When the resonator 3 made in accordance with the invention is driven by the transmitter circuit 5 at 18 mOe, the receiver coil 8 is a close-coupled pick-up coil of 100 turns, and the signal amplitude is measured at about 1 ms after an a.c. excitation burst of about 1.6 ms duration, it produces an amplitude of at least 1.5 nWb in the first detection window. In general, A1∝N·W·Hac wherein N is the number of turns of the receiver coil, W is the width of the resonator and Hac is the field strength of the excitation (driving) field. The specific combination of these factors which produces A1 is not significant.
Subsequently, the synchronization circuit 9 deactivates the receiver circuit 7, and then re-activates the receiver circuit 7 during a second detection window which begins at approximately 6 ms after the end of the aforementioned RF burst. During the second detection window, the receiver circuit 7 again looks for a signal having a suitable amplitude at the predetermined frequency (58 kHz). Since it is known that a signal emanating from a marker 1, if present, will have a decaying amplitude, the receiver circuit 7 compares the amplitude of any 58 kHz signal detected in the second detection window with the amplitude of the signal detected in the first detection window. If the amplitude differential is consistent with that of an exponentially decaying signal, it is assumed that the signal did, in fact, emanate from a marker 1 present between the coils 6 and 8, and the receiver circuit 7 accordingly activates an alarm 10.

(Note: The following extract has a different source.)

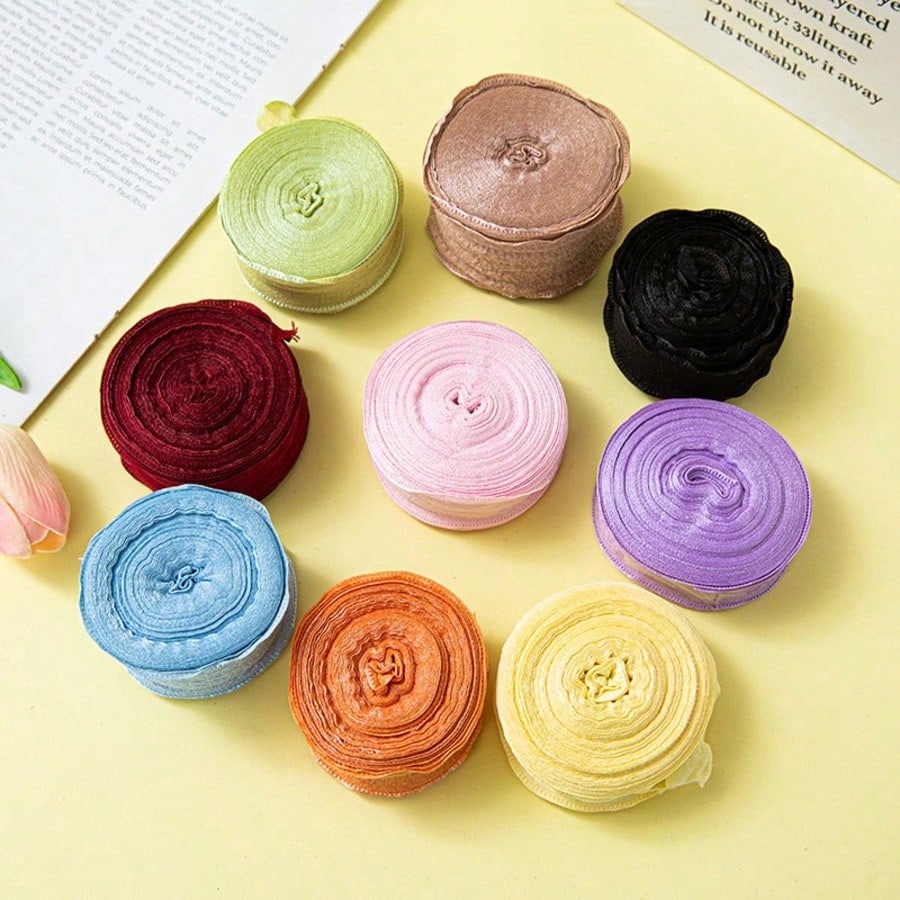 10 Yards/Roll 0.98inch Ruffle Lace Pleated Ribbon, Flower Bouquet Cake Packaging Ribbon, DIY Handmade Materials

This approach reliably avoids false alarms due to spurious RF signals from RF sources other than the marker 1. It is assumed that such spurious signals will exhibit a relatively constant amplitude, and therefore even if such signals are integrated in each of the first and second detection windows, they will fail to meet the comparison criterion, and will not cause the receiver circuit 7 to trigger the alarm 10.
Moreover, due to the aforementioned significant change in the resonant frequency fr of the resonator 3 when the bias field Hb is removed, which is at least 1.2 kHz, it is assured that when the marker 1 is deactivated, even if the deactivation is not completely effective, the marker 1 will not emit a signal, even if excited by the transmitter circuit 5, at the predetermined resonant frequency, to which the receiver circuit 7 has been tuned.
Alloy Preparation
Amorphous metal alloys within the Fe—Co—Ni-M-Cu—Si—B where M=Mo, Nb, Ta, Cr system were prepared by rapidly quenching from the melt as thin ribbons typically 20 μm to 25 μm thick. Amorphous hereby means that the ribbons revealed a crystalline fraction less than 50%. Table 1 lists the investigated compositions and their basic properties. The compositions are nominal only and the individual concentrations may deviate slightly from this nominal values and the alloy may contain impurities like carbon due to the melting process and the purity of the raw materials. Moreover, up to 1.5 at % of boron, for example, may be replaced by carbon.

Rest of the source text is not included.